### Problem to solve
Would it be possible to output exactly, and only, the lines below from the one holding "nowy dyrektor BPN" to the last line, both included, with every picture left out?

### Data extract
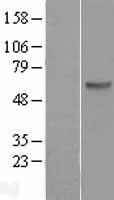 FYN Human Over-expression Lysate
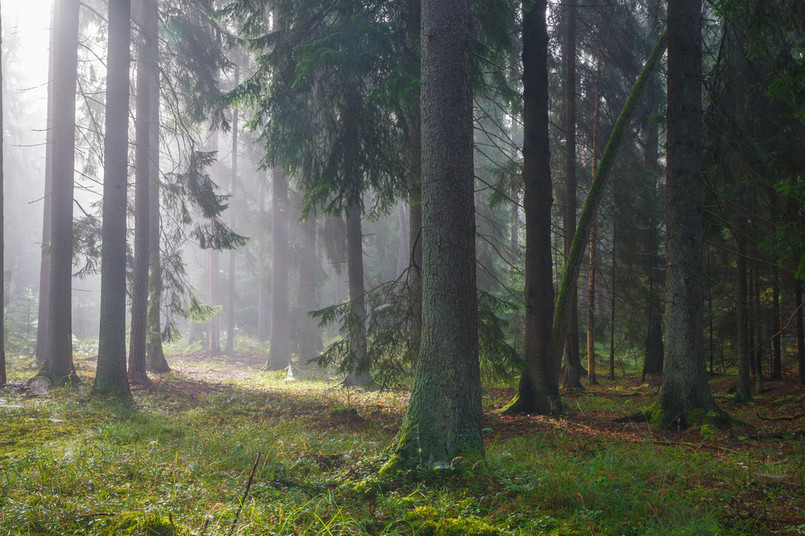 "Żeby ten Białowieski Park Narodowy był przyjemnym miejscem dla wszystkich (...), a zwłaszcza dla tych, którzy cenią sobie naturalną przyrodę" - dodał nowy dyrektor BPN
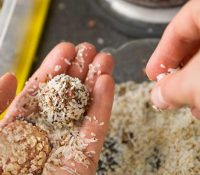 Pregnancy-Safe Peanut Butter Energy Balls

### Expected answer
 "Żeby ten Białowieski Park Narodowy był przyjemnym miejscem dla wszystkich (...), a zwłaszcza dla tych, którzy cenią sobie naturalną przyrodę" - dodał nowy dyrektor BPN
 Pregnancy-Safe Peanut Butter Energy Balls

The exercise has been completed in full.